Our students have brought an urgency to matters that have long been on public record: that our universities are racist and colonial institutions that serve a limited notion of the public, and that the incremental loss of government subsidy over the past 20 years has created a devastating privatisation of higher education, felt most keenly by the university through reduced resources and students in a year-on-year above-inflation increase in fees.

Students’ rage, intense as it is, is not unfounded. They are angry not only about a institutional and social system that has changed minimally since the end of apartheid but also about an anti-apartheid generation that has presided over the maintenance of that system rather than its dismantling. Although their rudeness and their insistence is unsettling, it is difficult to fault their anger.

We have seen how managers and commentators have begun to make a fetish of violence, dislocating it from its entanglement with police brutality, dislocating it from its connection to serious political claims. They have come to treat instances of violence as though they define the entirety of the student movement, and can be used to justify any and all security responses.

Protest, even violent protest, should not be surprising in our country. These are political forms that have accompanied township protest in the past 15 years, borrowing heavily from anti-apartheid protest methods.

No amount of security can hold back an inevitable demand for a fundamental change in the way this society is run. Attempts to hold that back with security infrastructure will exacerbate and flare whatever potential violence resides in its encounters.

What one would hope is that the university, with all its understanding of history, of society, of politics, of inequality, of language, of the repercussions of force, of ethics, might be able to offer a more productive, less defensive way to encounter the demand.

After so much, it is unlikely that the demand will ever be pretty. But we — and shouldn’t this be the very test of our education? — have the capacity to meet it with a regard not only for the unfinished work of liberation but also for how we might experiment with ushering in the future it calls for without violence as its midwife.

We know that our society must still undergo its proper reckoning with apartheid and the long colonial period before it. It would be terrible if that reckoning had to be violent. But securitisation is the too-quick, overly reactive posture against the demand.
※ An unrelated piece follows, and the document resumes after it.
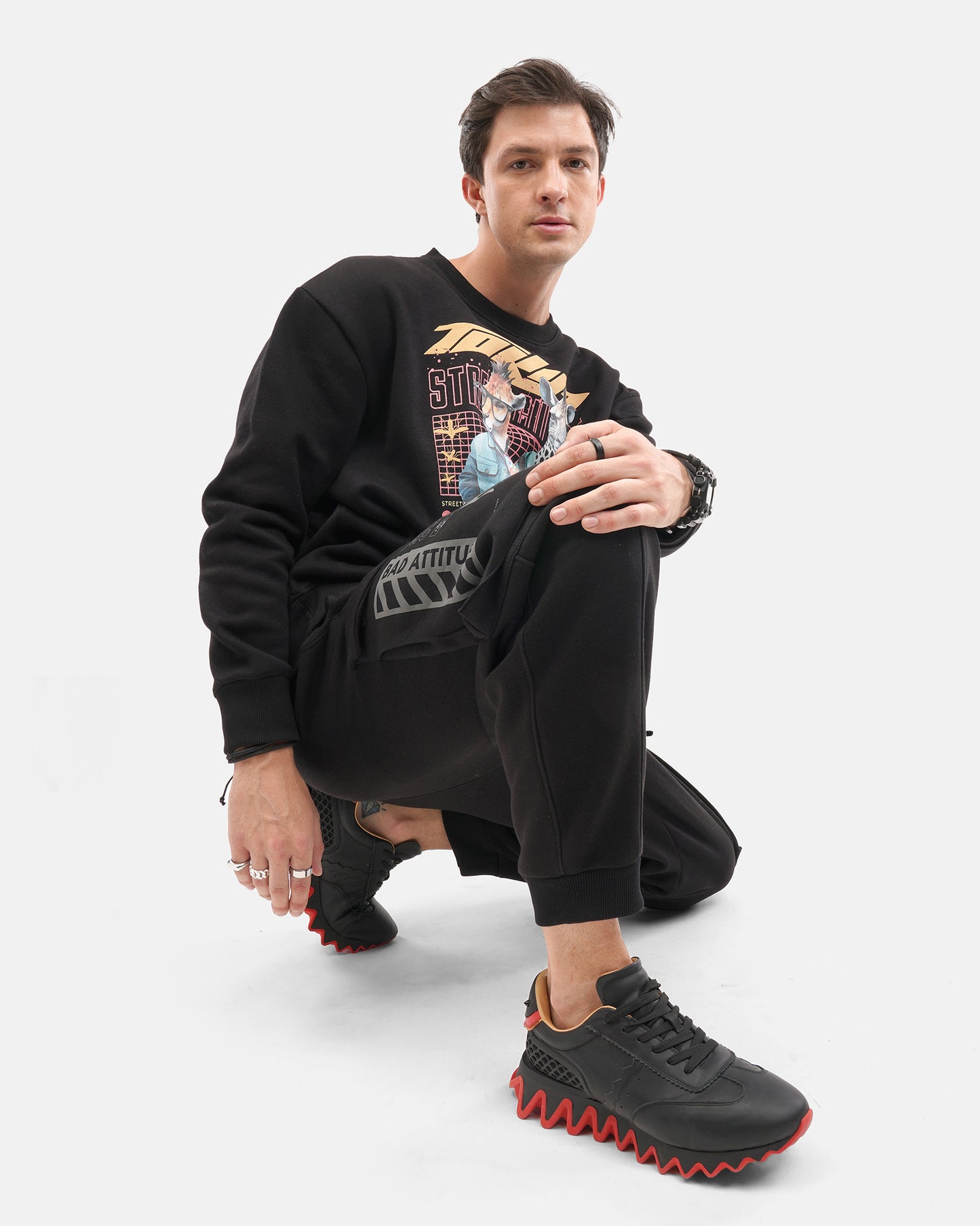 Tokyo Graphic Sweat Black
It brokers in surfaces and symptoms — and not in the deeper issues at hand —the issues we as educators should be at pains to understand, unpack and address.

A public university should be exactly that: in service of an open public intellectual life for the benefit of all.

The most cynical interpretation of the demand for “access” to the university would be that students should hand over their biometric data to be let into a fortress in which they are constantly under surveillance. It is as unimaginative as it is unsustainable.

When read alongside the creeping corporatisation of the university — corporate bonuses for senior management, incentivised publishing, performance management systems — securitisation can be understood as a thrust in the privatisation, and the demise, of our public universities. Ironically, students are accused of presiding over the destruction of the future of the university, but it seems a cadre of higher education leaders will go down in history as having done more damage.

Kelly Gillespie is head of the anthropology department at the University of the Witwatersrand.